_Exercise objective:_
The whole listing, please: repeat it exactly, with the pictures left out.

_Given information:_
+-------+
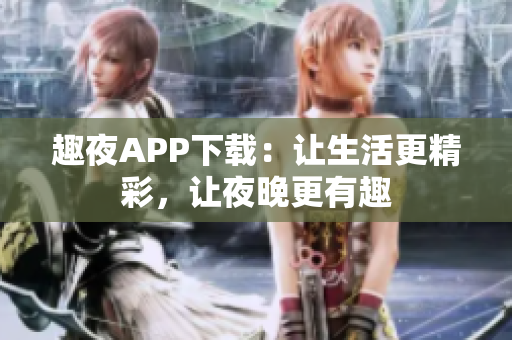 趣夜APP下載：讓生活更精彩，讓夜晚更有趣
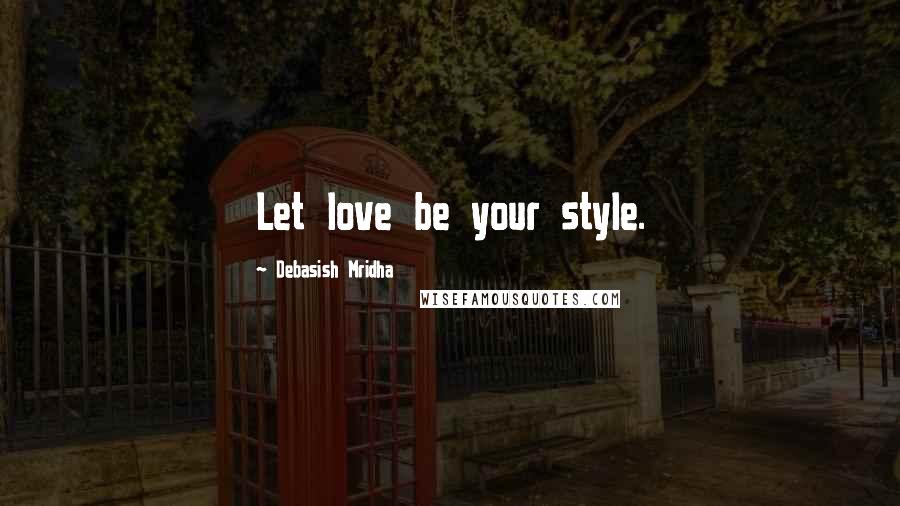 Debasish Mridha Quotes: Let love be your style.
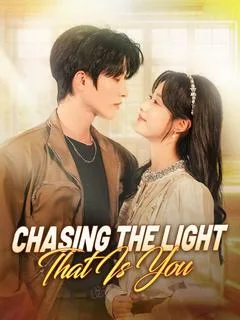Chasing the Light That Is You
+-------+
_Answer space:_
 趣夜APP下載：讓生活更精彩，讓夜晚更有趣
 Debasish Mridha Quotes: Let love be your style.
Chasing the Light That Is You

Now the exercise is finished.